Thursday, August 6, 2020

Work-hardening




With the economy in a flux, people will likely find themselves doing different kinds of work than they are currently doing.

They might find themselves gardening, or digging holes or cutting and moving firewood.

Kubota's new job
The reason work-hardening is on my mind is because of Kubota's new job.

I am not at liberty to go into details but it involves carrying sixty-pound buckets of something up-or-down stairs.

He worked Monday and Tuesday, had yesterday off and is working today and Friday.

Ideally
Ideally, Kubota would have started carrying weighted buckets as soon as he realized he had a good chance of landing this job.

We have stairs.

Even a half-hour a day of carrying the buckets up/down the steps for the first week and then two half-hour sessions on the second week would have hardened him up significantly.

What happened
He watched TV and now he is paying the price.
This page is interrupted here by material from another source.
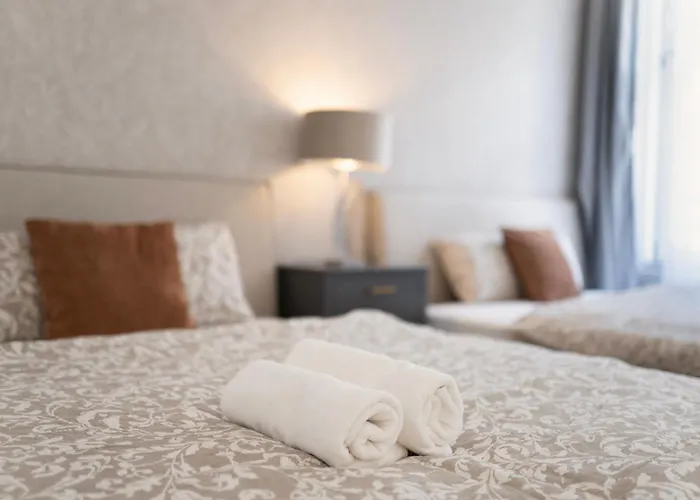 Artsy Elizabeth Boulevard Appartement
He was lucky he did not have to work Wednesday. The third morning is the hardest. He had one recovery day.

A real world example
I worked in a factory where the Health-and-Safety rep determined that adult humans were not capable of lifting more than 12kg.

She made that assessment based on the injury history at the plant. You see, Health and Safety people believe that every injury is preventable.

While that is arguably true in theory, in practice there are some people who want to go on disability. There are compliant doctors.

Over time, the "maximum weight" that could be lifted dropped and dropped and dropped.

One of the parts in the plant (which will remain nameless for reasons that will become obvious) weight about 32 pounds, or about 15kg.

Since the part was more than the 12kg limit, the plant required engineering to install a lift-assist. A lift-assist is essentially a hook suspended from an electric hoist on the end of a swing-arm.

The problem was that the electric hoist was very slow AND since there was only one of them, only one part could be processed at a time. In practice, the only way to "make rate" was to move the parts by hand so the tool could be working on the next piece while the previous one was carried to the line.

It was an open secret in the shop that the station had never made rate and never would make rate. If the Health-and-Safety department had learned of the station, they would have been forced to red-tag the station and shut down the plant. It did not matter that the Corporate weight limit was closer to 35 pounds than to 25 pounds.

People would have been fired.

So how did the operators lift the unliftable weight?

Through a well-thought-out work-hardening plan.

They rotated through the jobs every two hours so nobody had to lift the 32 pounds, 60 times an hour for 8 hours.

When a new person came into the team, they magically found an extra person to build two of the parts for each part the new person built.

Where did that extra person come from? It came from management who always shuffled an extra absentee replacement to that team when breaking in a new person. After all, several management heads that would roll if/when the non-use of the lift-assist was discovered.

The first couple of days the new person built every third part, that is, 1/3 of the parts. Then the next couple of days the new person would build 1/2 the parts. On Friday the new person would build 2/3 of the parts.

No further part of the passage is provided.